In the present paper, we broaden these previous studies to test the effect of electrons, carbon ions, protons (at different energies) and neutrons (at higher energies) on the recognition capability of antibodies (summarized in Fig. 1). As protons and neutrons dominate the radiation environment during the Earth–Mars transit and on the Martian surface, we tested different high-energy particles from 15 to 50 MeV at different fluences. Moreover, other damaging particles are significantly present in cosmic and solar radiations such as carbon ions and electrons.
Fig. 1. Simulated spectra of particle fluxes, as a function of energy, during the Earth–Mars transit (left) and at Mars’ surface (right) with the energy range of particles investigated in this study (red zone). This figure is an adaptation of Fig. 8 in Le Postollec et al. (Reference Le Postollec2009a).
Chemicals and biological materials used to perform the experiments are given in the second section ‘Material’. The third section ‘Method’ describes samples preparation, particles irradiation parameters and analysis protocols. ‘Results’ are presented in the fourth section. The last section ‘Discussion/Conclusion’ draws conclusions on this study.
Material
Monoclonal anti-Horseradish Peroxydase (HRP) antibodies were obtained from Antibodies-online (Germany), HRP (type II), O-Phenylenediamine dihydrochloride (OPD), NaH2PO4, Tween® 20, sodium acetate, sucrose, sodium azide, NaOH, H2O2, BSA, (L)-Histidine and (D)-Arginine L-tyrosinamide, fluorescein and Tris(hydroxymethyl) aminomethane were purchased from Sigma Aldrich (Saint-Quentin, France). NaCl and MgCl2 were obtained from Chimie-Plus laboratoires (Bruyères de Pouilly, France) and Panreac Quimica (Barcelona, Spain), respectively.

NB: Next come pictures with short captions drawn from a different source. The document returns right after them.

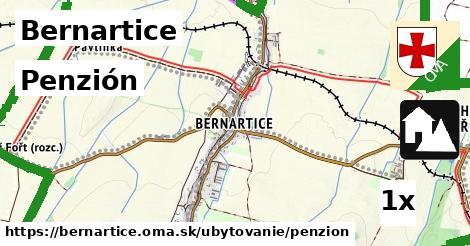 Penzión, Bernartice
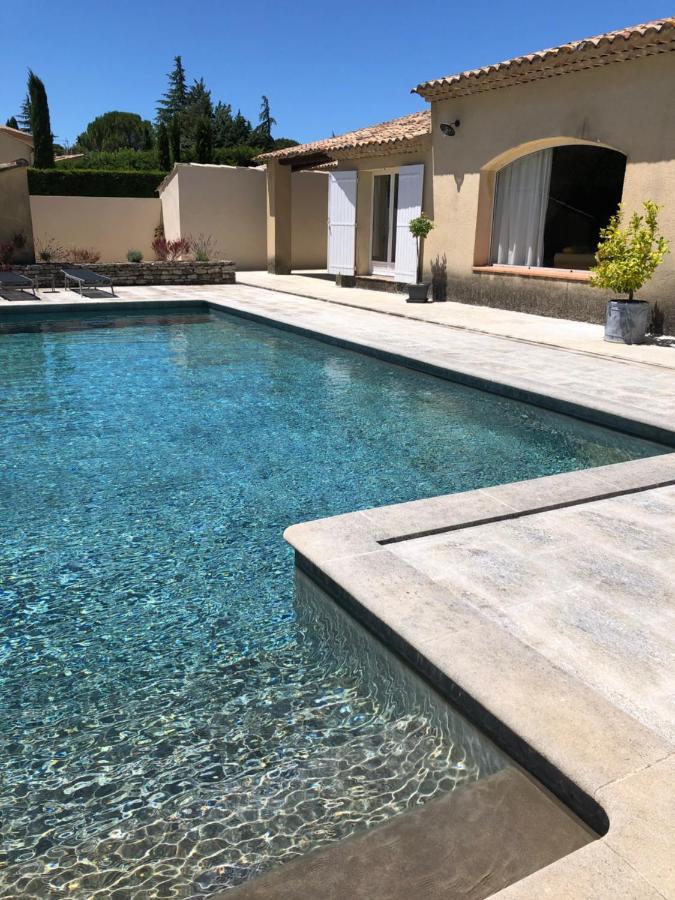 Villa Dans Le Luberon A 2 Km De Lourmarin Lauris Buitenkant foto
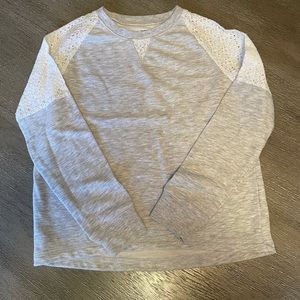 The Children’s Place lace long-sleeve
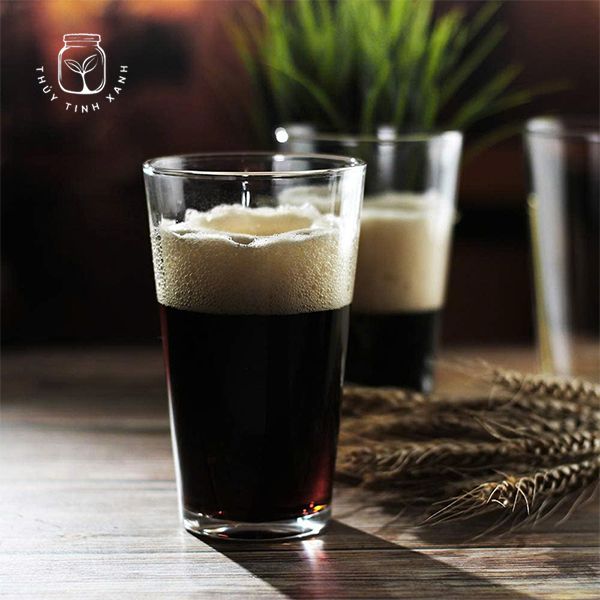 Ly Thủy Tinh Tapered Highball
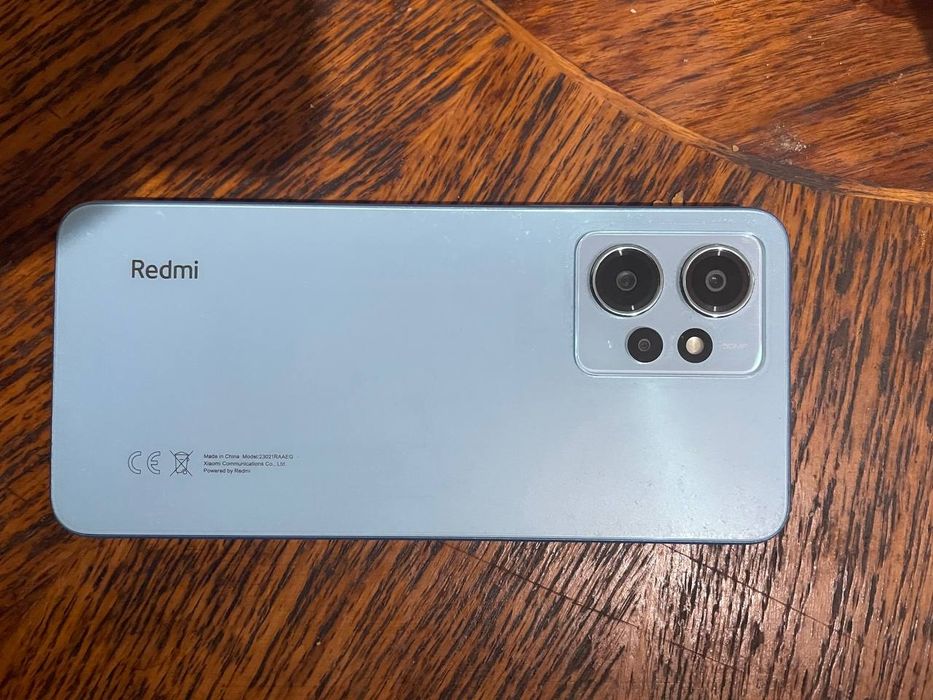 Redmi note 12 , kafolati bor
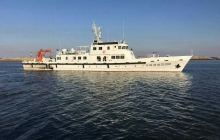 300吨渔政船（中国渔政21202）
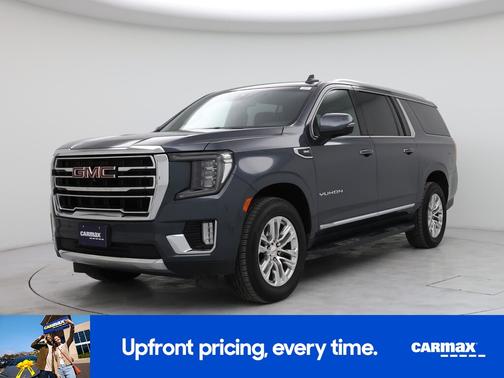 2021 GMC Yukon XL SLT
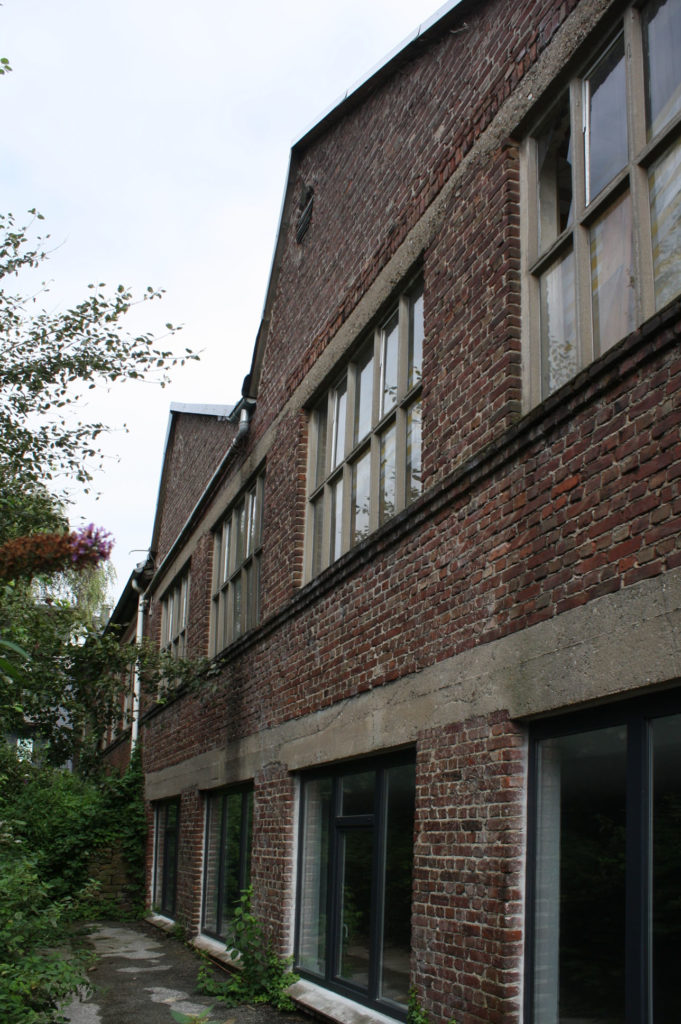 Umbau Hallen Party-Discount 2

Chemicals were analytical grade and were used as received. DNA-Bind™ plates were obtained from Corning (Netherlands) and Maxisorp™ plates were obtained from VWR (France). Optical density of the reaction products was measured on a Tecan Infinite M200 microplate reader (Lyon, France) at 492 nm.
Method
Sample preparation
Our Biochip models are small polymer containers, called micro-wells, where antibodies samples are placed for the experiments. DNA-Bind™ plates were used for covalent grafting (N-Oxysuccinimide functionalization allows random amine binding, Moreau et al. Reference Moreau, Faye, Baqué, Desvignes, Coussot, Pascal and Vandenabeele-Trambouze2011) whereas Maxisorp™ ones were used as sample containers for free antibodies. The samples preparation was done following the same protocol as in Baqué et al. (Reference Baqué2011a).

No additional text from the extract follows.